Certain major events do require the involvement of stockholders, such as if the company's going
to be sold. And stockholders vote based on the number of shares they hold. So that's why in a
large company, an individual shareholder has little discernible influence over corporate activities.
But in aggregate, all the stockholders together control the company.
In private companies, where there are typically fewer stockholders and each holds a larger share, there's often more direct contact between stockholders, the board, and management.
In fact, a lot of times, those are all the same people.
But for public companies, there are just a few large shareholders whose preferences really matter.
Sometimes these are the founders who've retained a large stake. And often at more mature companies,
these are what's known as institutional investors, investment firms such as mutual fund companies and hedge funds. These investors pool the capital of many smaller investors,
and so they end up buying really large stakes,
often 5% or 10% or more of public companies.
So if I buy Google stock through a brokerage, say Charles Schwab,
does that mean I'm handing over my voting rights to Charles Schwab
and they'll sort of represent me in those decision-making processes?
In what you've just described, no.
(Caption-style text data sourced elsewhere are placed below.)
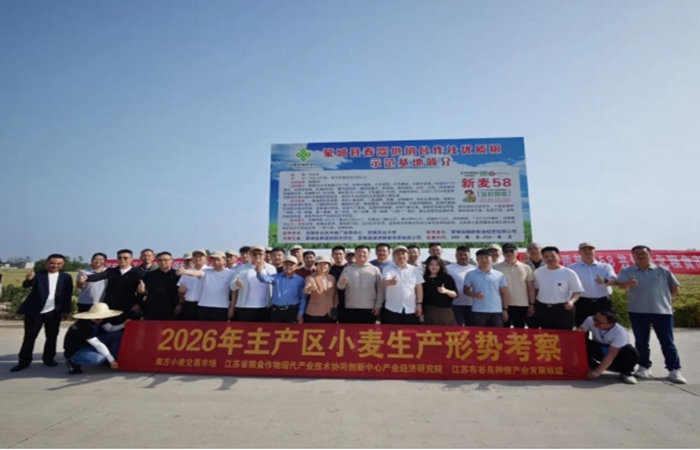 實(shí)業(yè)公司赴蒙城開(kāi)展夏糧調(diào)研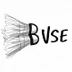 BVSE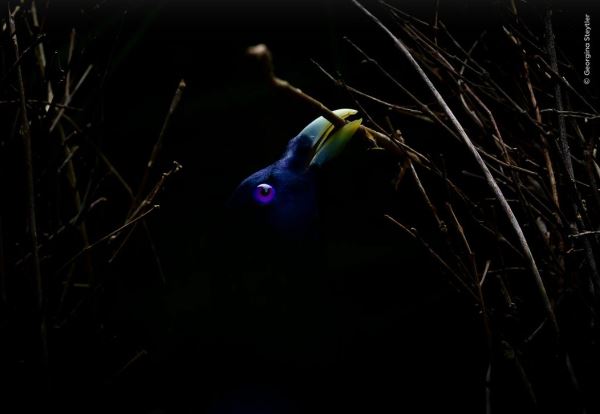 Шикарные снимков финалистов конкурса фотографий дикой природы WPOTY 2025 - Экологические новости на ECOportal.su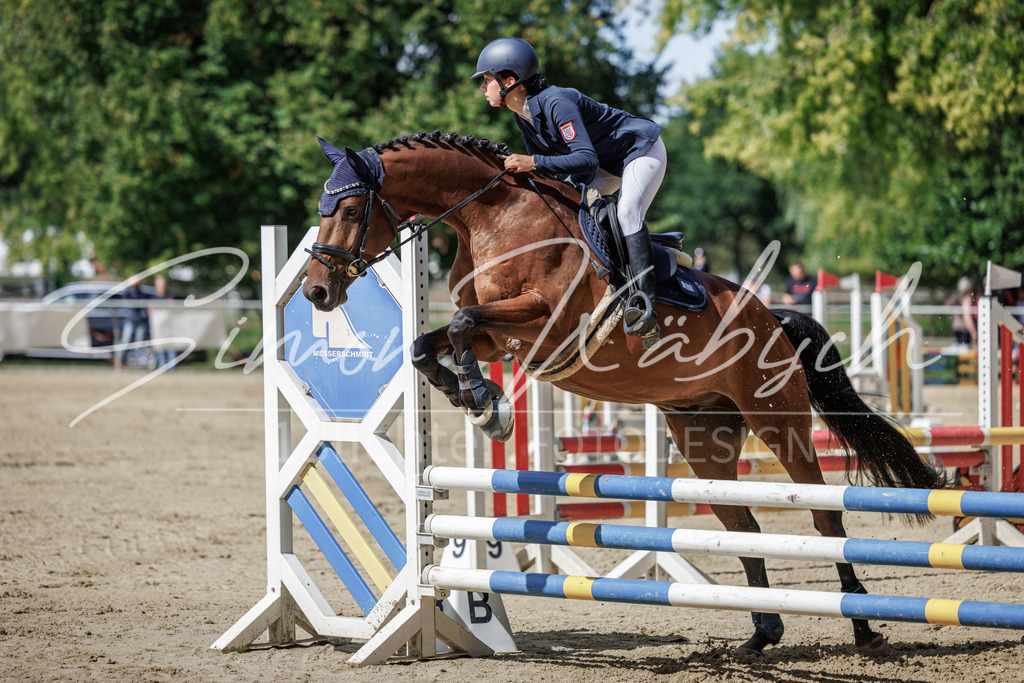 20260905-_3LI8610 | Tierfotografie Pferde, Hunde, Katzen, Haustiere.
Turnierfotografie Reitturniere, Reiten, Springreiten, Dressur in Hanau, dem Main-Kinzig-Kreis und dem Rhein-Main- Gebiet um Frankfurt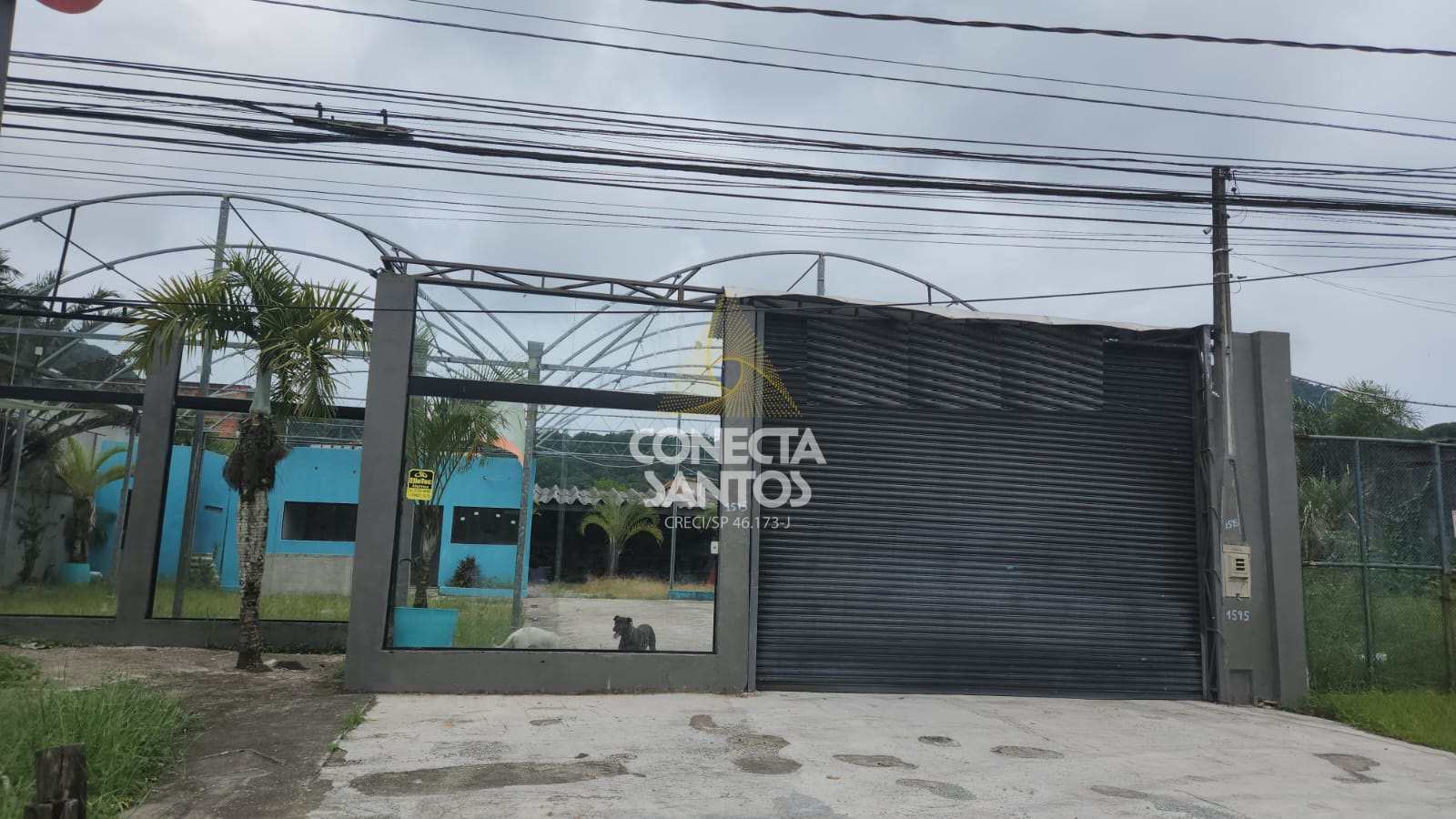 Loja-Salão para alugar, 800m² - Foto 5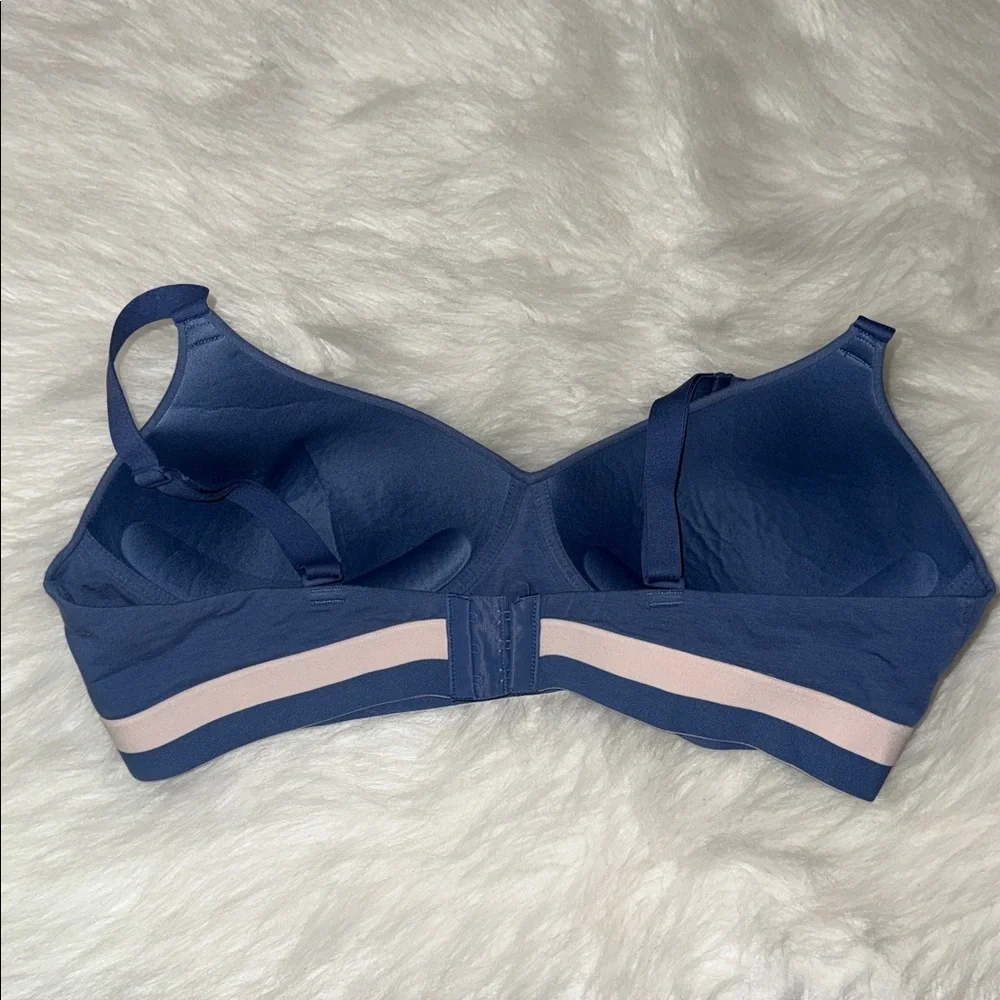 Hanes Blue Bra with Soft Pink Accent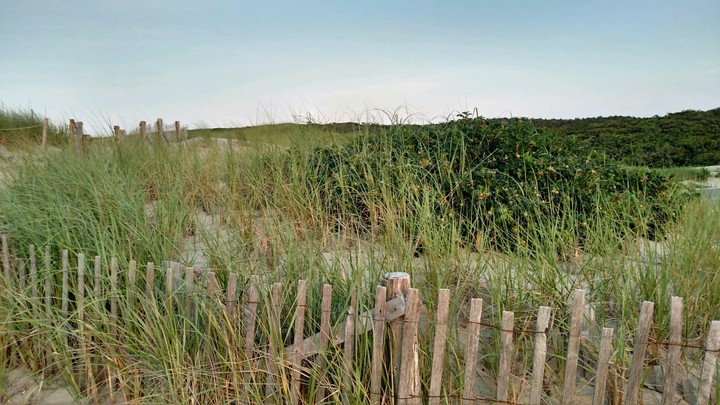 Sandy Way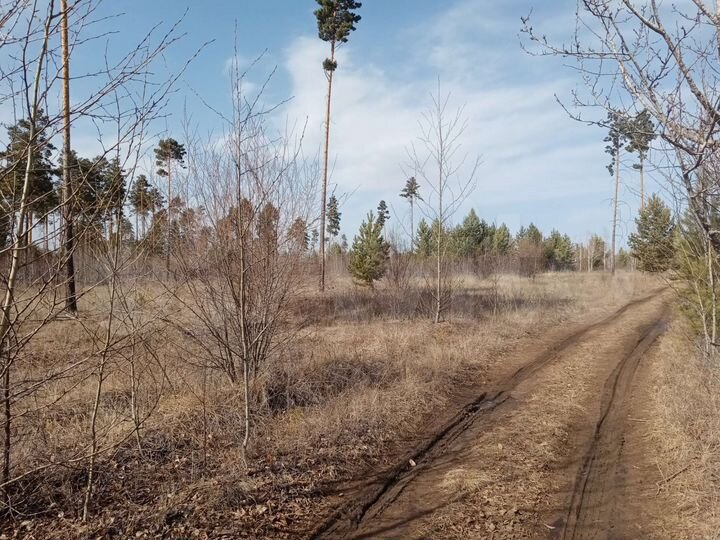 Участок 10 сот. (ИЖС)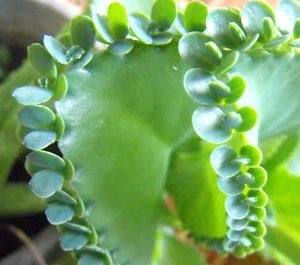 Mother of Millions Kalanchoe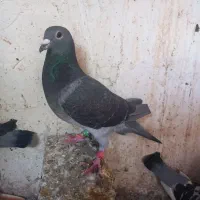کبوتر دورگ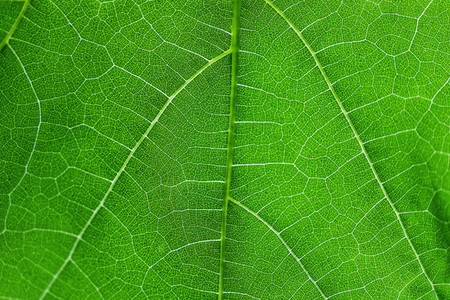 Full frame macro shot vibrant green leaf pattern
The vote follows the ownership. Schwab and they'll sort of represent me in those decision-making processes?
In what you've just described, no. The vote follows the ownership. So if you bought the stock, even though it was through a broker, and a broker could be Schwab, it could be Robinhood,
whoever, you are the stockholder and you get to vote. Now, in the old days, the company actually
mailed you a thick envelope a few months before the annual meeting, and it had a ballot and
various other materials in it. So it was really obvious when it showed up in your mailbox.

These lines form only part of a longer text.